Kurzer Zwischengedanke: Wem nützt es eigentlich, wenn der Pflichtteilsberechtigte die Kontoauszüge und Belege nicht sehen darf? Aufrichtigte Erben legen alles offen und fügen die Belege von sich aus bei. Gute Notare prüfen alles intensiv und vollständig und geben mindestens die Inhalte vollständig und zutreffend wieder. Der Nutzen liegt bei Erben, die durch eine unzureichende Auskunft den Pflichtteilsanspruch reduzieren wollen. Das ist zwar ein versuchter Betrug, wird aber nach meinen Erfahrungen faktisch nicht verfolgt. Weiterhin können sich Richter und Notare über mehr Freizeit freuen, wenn die Belege und Kontoauszüge nicht so genau angeschaut werden und die wirklich schwiergen Fragen gar nicht erst aufkommen.

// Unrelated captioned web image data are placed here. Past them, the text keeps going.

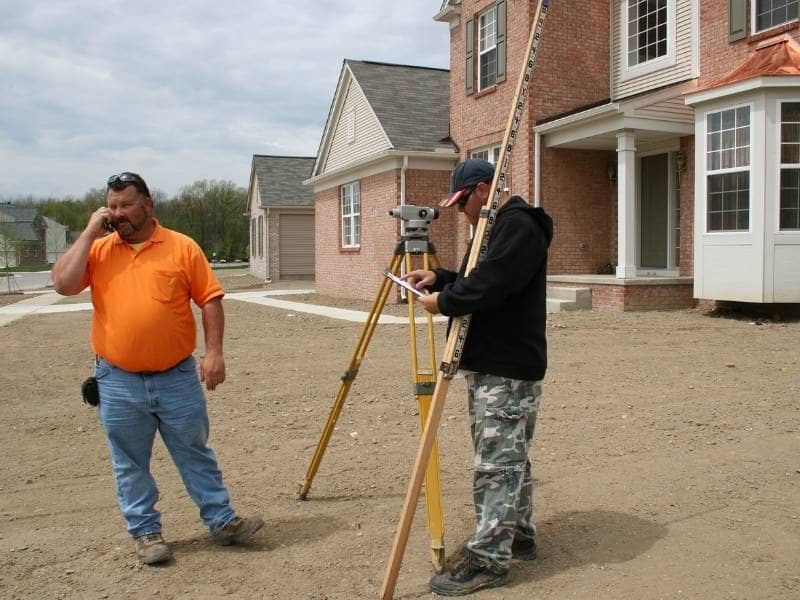 Surveyors performing an as-built survey on a newly constructed home to verify building location and site measurements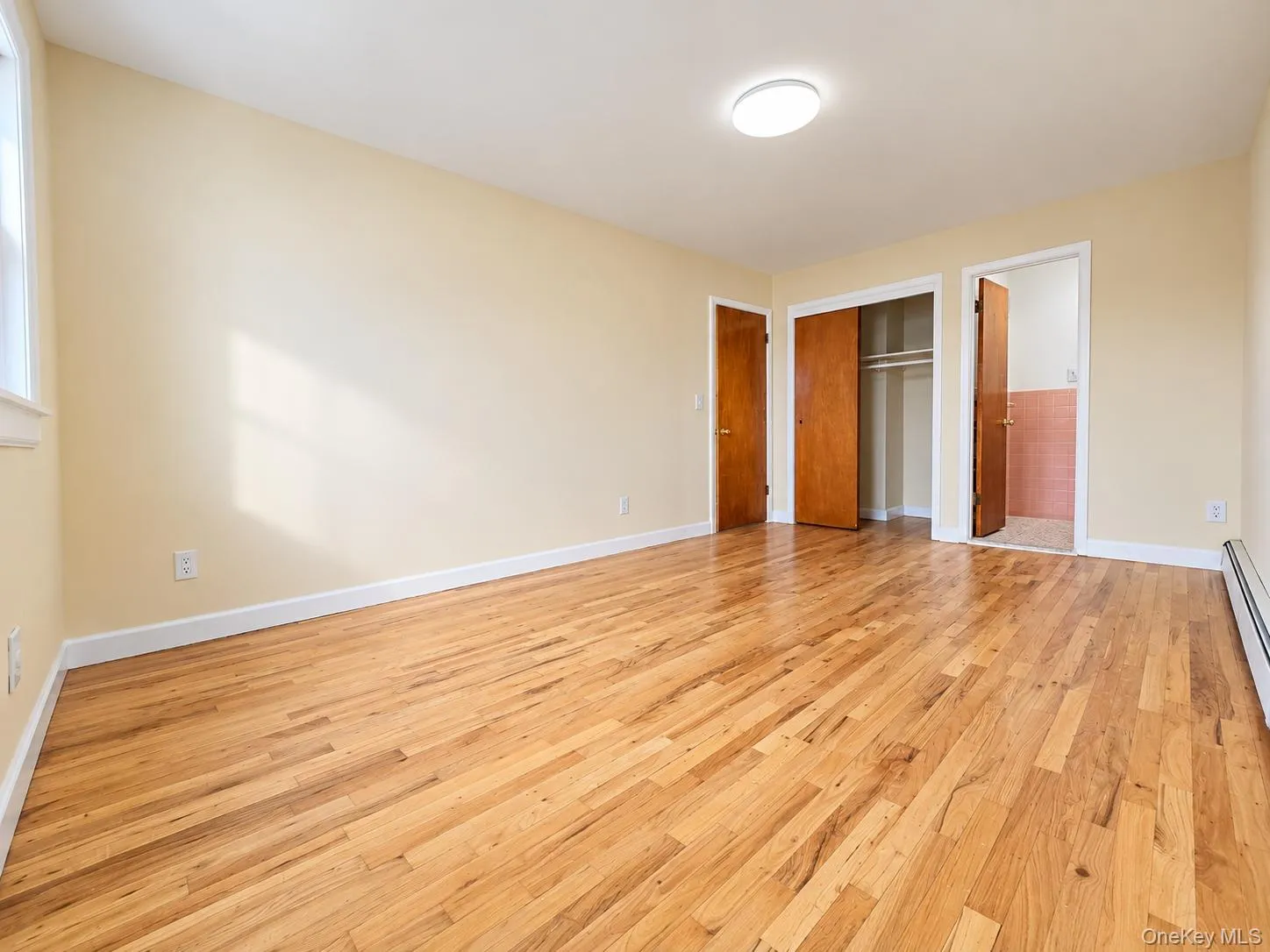 Primary bedroom with generous closet space and private half bath. Primary bedroom with generous closet space and private half bath.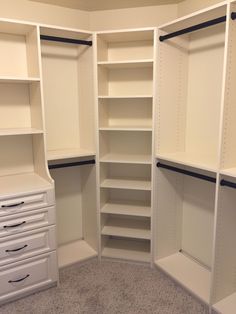 an empty walk in closet with white shelves and drawers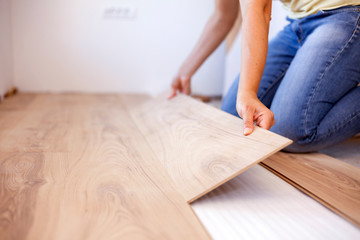 Obraz na płótnie Canvas Selective focus photo of a young woman installing laminate flooring. Home improvement and renovation concept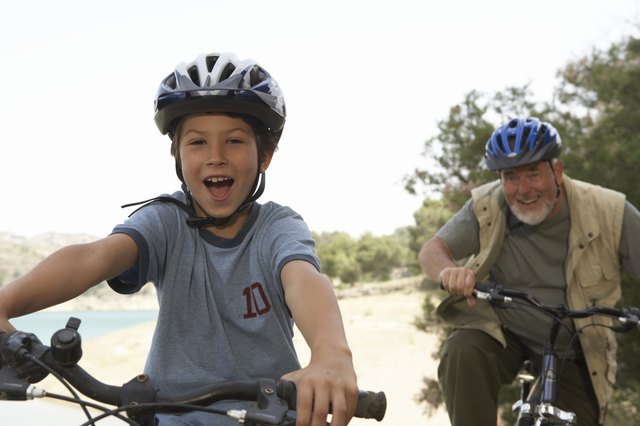 Grandson (5-7) and grandfather riding bikes, portrait (focus on boy)
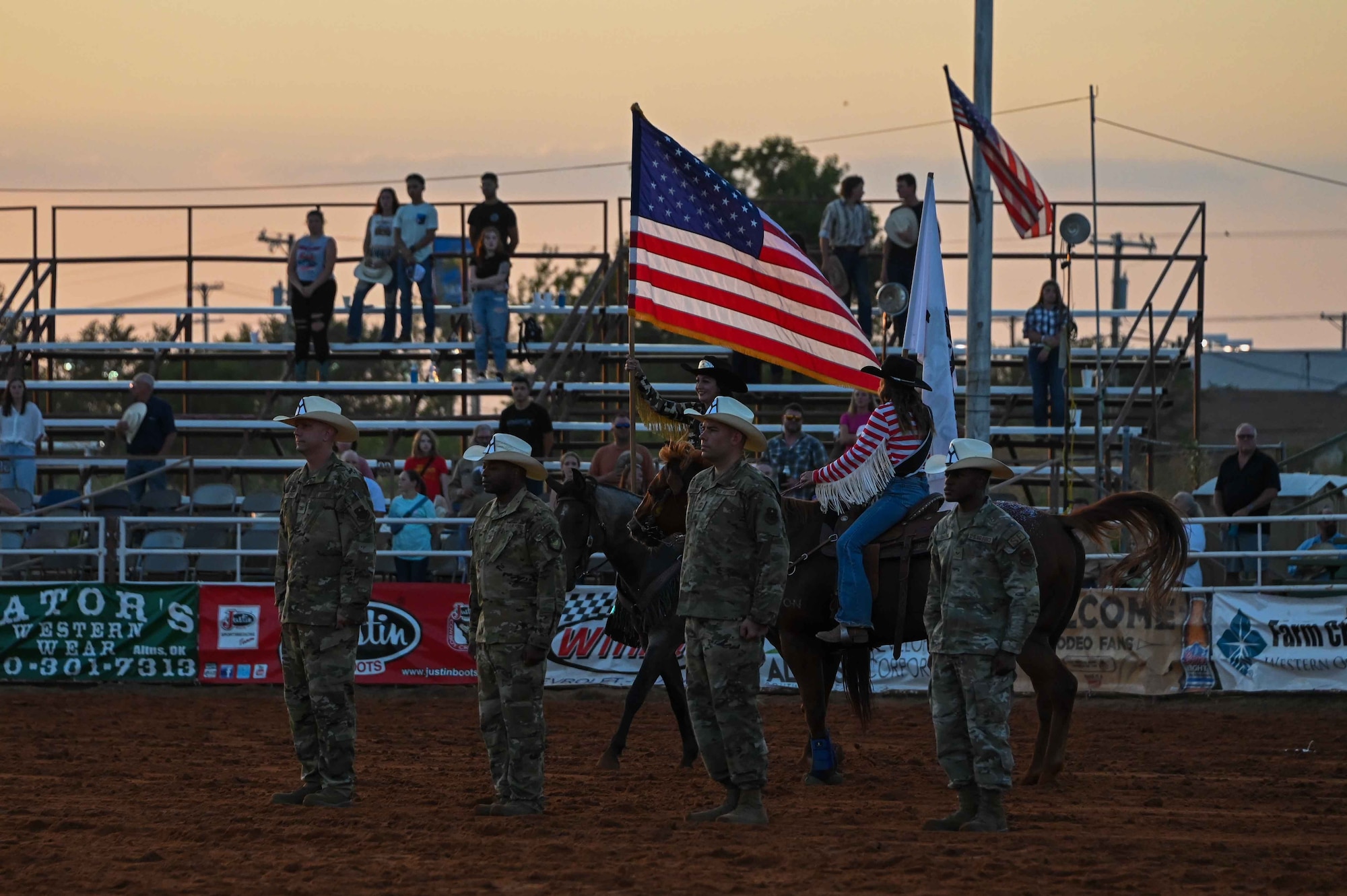 Airmen from the 97th Air Mobility Wing stand at attention during the playing of the national anthem at the Great Plains Stampede Rodeo in Altus, Oklahoma, August 24, 2023. During Military Appreciation Night, the rodeo honored the wing command team and Senior Airman Aaron Darling, 97th Security Forces installation entry controller, who represented all the Airmen of Altus Air Force Base. (U.S. Air Force photo by Airman 1st Class Kari Degraffenreed)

Nun gibt es einen Lichtblick. Es wurde ein Beschluss des OLG Karlsruhe vom 30.03.2023 - 14 W 27/23 ( ErbR 2025, 584) veröffentlicht. Das OLG Karlsruhe entschied, dass der Pflichtteilsberechtigte beim Notartermin die Möglichkeit haben muss, die Belege einzusehen (Rn. 17). Denn nur so kann der Zweck des Zuziehungsrecht des Pflichtteilsberechtigten erreicht werden. Er soll sich ein Bild davon machen können, ob das Nachlassverzeichnis mit der erforderlichen Sorgfalt erstellt worden ist.

Es gibt nun zwei divergierende Entscheidungen zu diesem Thema. Das nächste Oberlandesgericht, das mit diesem Thema befasst ist, muss die Revision zum Bundesgerichtshof zulassen.

Donnerstag, 12. Juni 2025

Wir laden keine Mandantendaten in KI-Portale hoch

Aus gegebenem Anlass: Wir laden keine Mandantendaten in KI-Portale hoch. Warum ist das wichtig? Es gibt zahlreiche Foreneinträge, in denen Rechtsanwälte davon berichten, dass sie genau das tun. Die künstliche "Intelligenz" (KI) erleichtert dem Rechtsanwalt die Arbeit, jedenfalls wenn er merkt, wann die KI gerade wieder einmal halluziniert. Es gibt auch KI-Portale, die die gesetzliche Anforderungen an Datenschutz und Verschwiegenheit erfüllen sollen, zum Beispiel Libratech.ai . Der Anwalt macht sich nicht strafbar und verstößt auch nicht gegen das Berufsrecht, wenn er das nutzt. Also laden Kollegen dort ganze Akten oder größere Aktenteile hoch. Wir tun das nicht.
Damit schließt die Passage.